■ **Activity**:
Please repeat exactly the lines from the one containing "effect texture 128256278" through the last line of the records below, leaving out any pictures.

--- --- ---

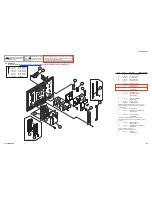 Предварительный просмотр 108 страницы Sony BRAVIA KDL-32XBR4 Service Manual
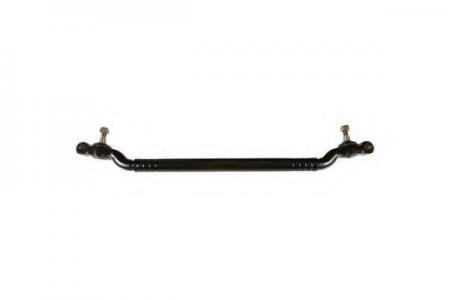 CHASSIS TIE ROD ASSEMBLIES BM-DS-4336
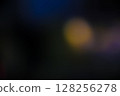 Abstract colorful bokeh light background creating a soft blurred effect texture Abstract colorful bokeh light background creating a soft blurred effect texture 128256278
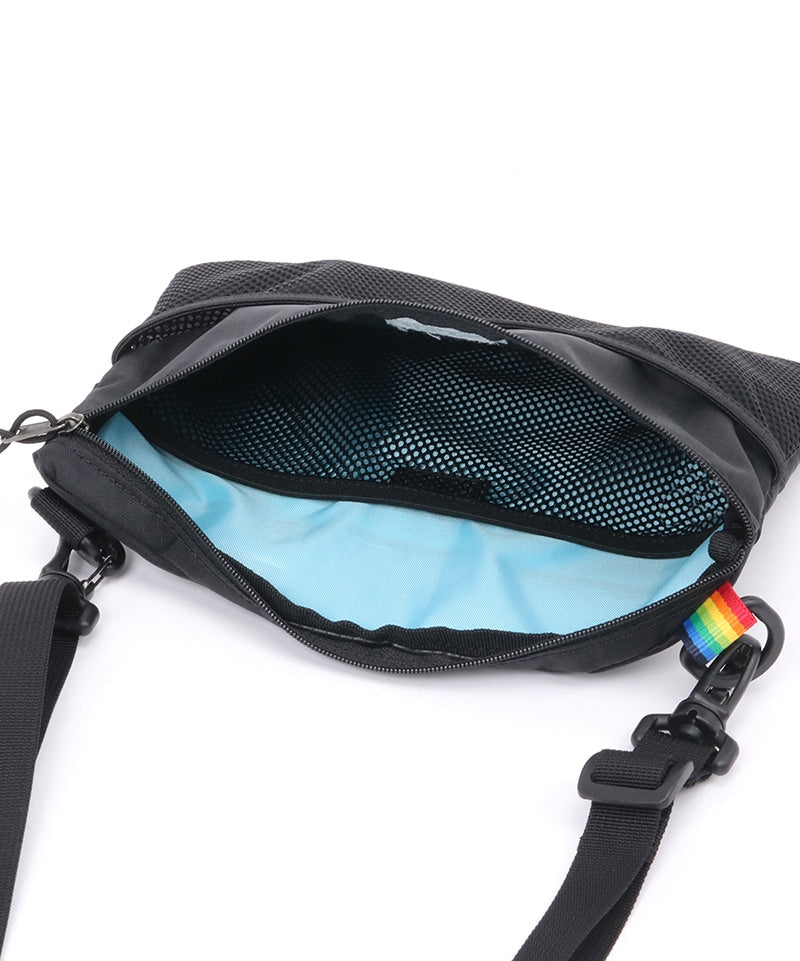 CHUMS Spring Dale Sacoche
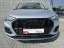 Audi Q3 35 TFSI S-Tronic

--- --- ---

■ **Answer section**:
 Abstract colorful bokeh light background creating a soft blurred effect texture Abstract colorful bokeh light background creating a soft blurred effect texture 128256278
 CHUMS Spring Dale Sacoche
 Audi Q3 35 TFSI S-Tronic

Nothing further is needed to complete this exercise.